-- Given data --
────────────────────────────────────────
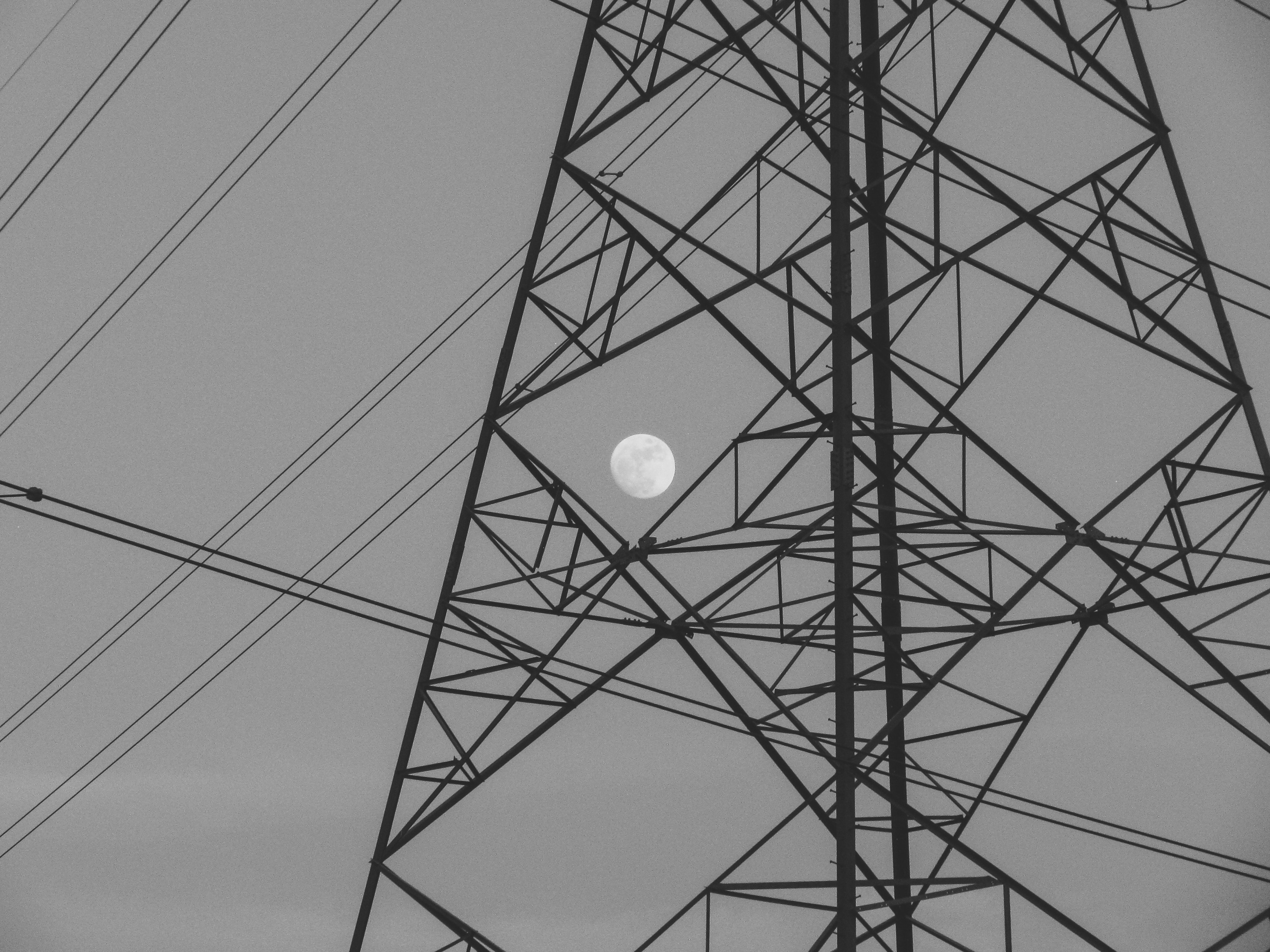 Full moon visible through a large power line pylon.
────────────────────────────────────────
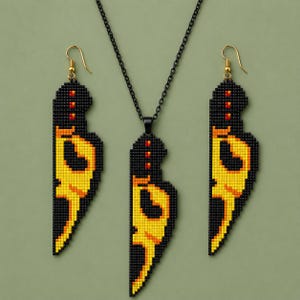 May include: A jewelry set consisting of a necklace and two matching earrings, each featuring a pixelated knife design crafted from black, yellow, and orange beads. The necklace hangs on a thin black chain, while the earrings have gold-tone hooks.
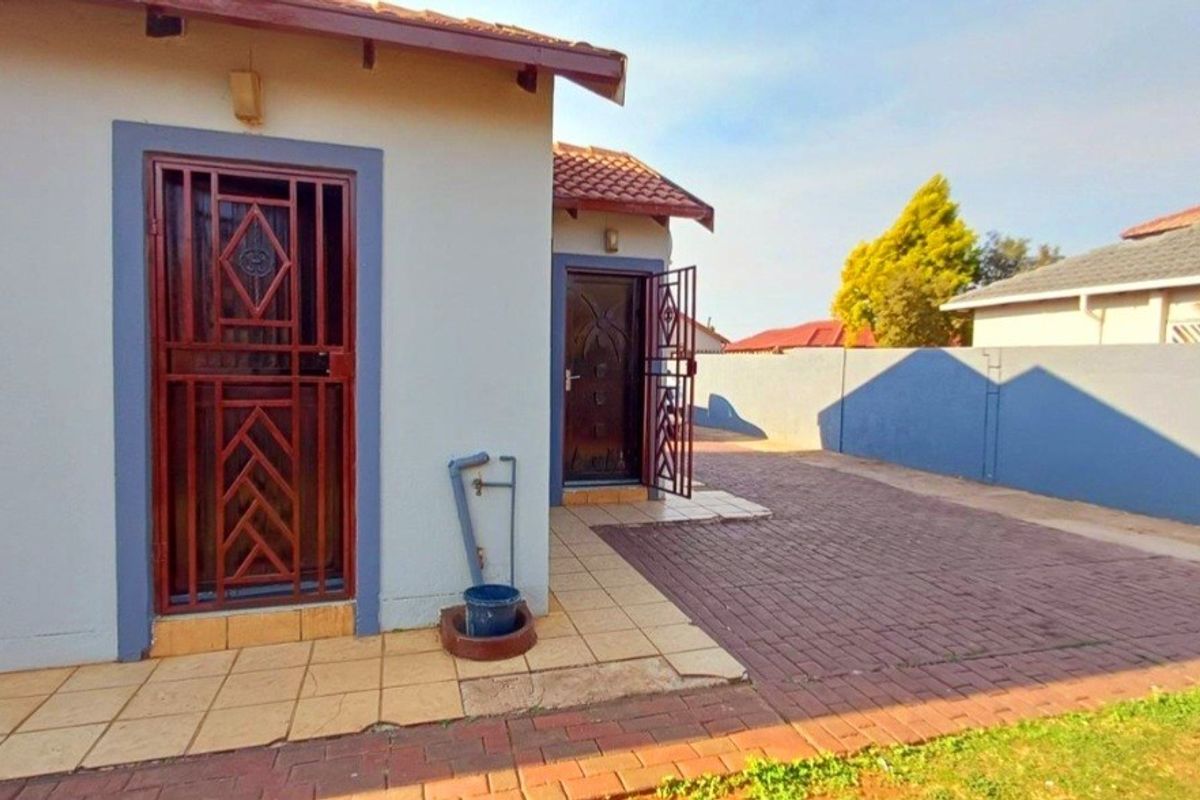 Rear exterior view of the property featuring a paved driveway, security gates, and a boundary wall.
────────────────────────────────────────
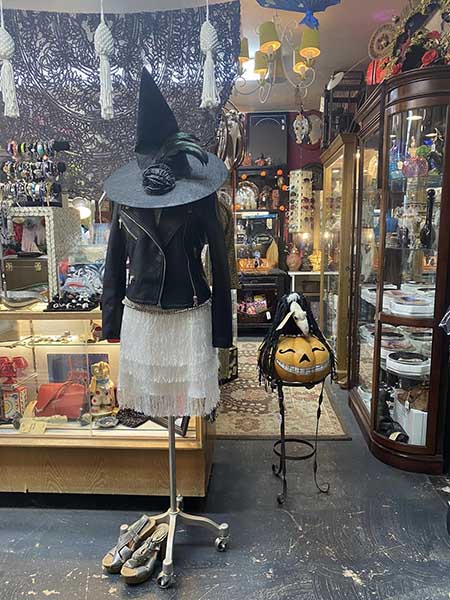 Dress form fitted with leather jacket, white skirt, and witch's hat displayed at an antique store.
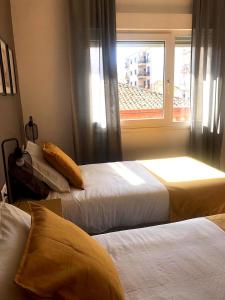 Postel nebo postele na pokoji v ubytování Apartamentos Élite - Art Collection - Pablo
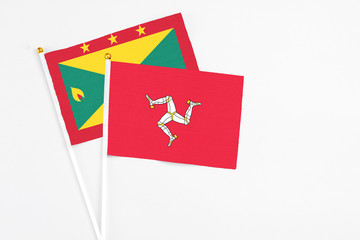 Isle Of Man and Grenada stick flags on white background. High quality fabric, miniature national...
────────────────────────────────────────
-- Instructions to follow --
With the pictures left out, write out exactly the lines above from the one containing "Postel nebo postele" through the one containing "Isle Of Man".

-- Written answer --
 Postel nebo postele na pokoji v ubytování Apartamentos Élite - Art Collection - Pablo
 Isle Of Man and Grenada stick flags on white background. High quality fabric, miniature national...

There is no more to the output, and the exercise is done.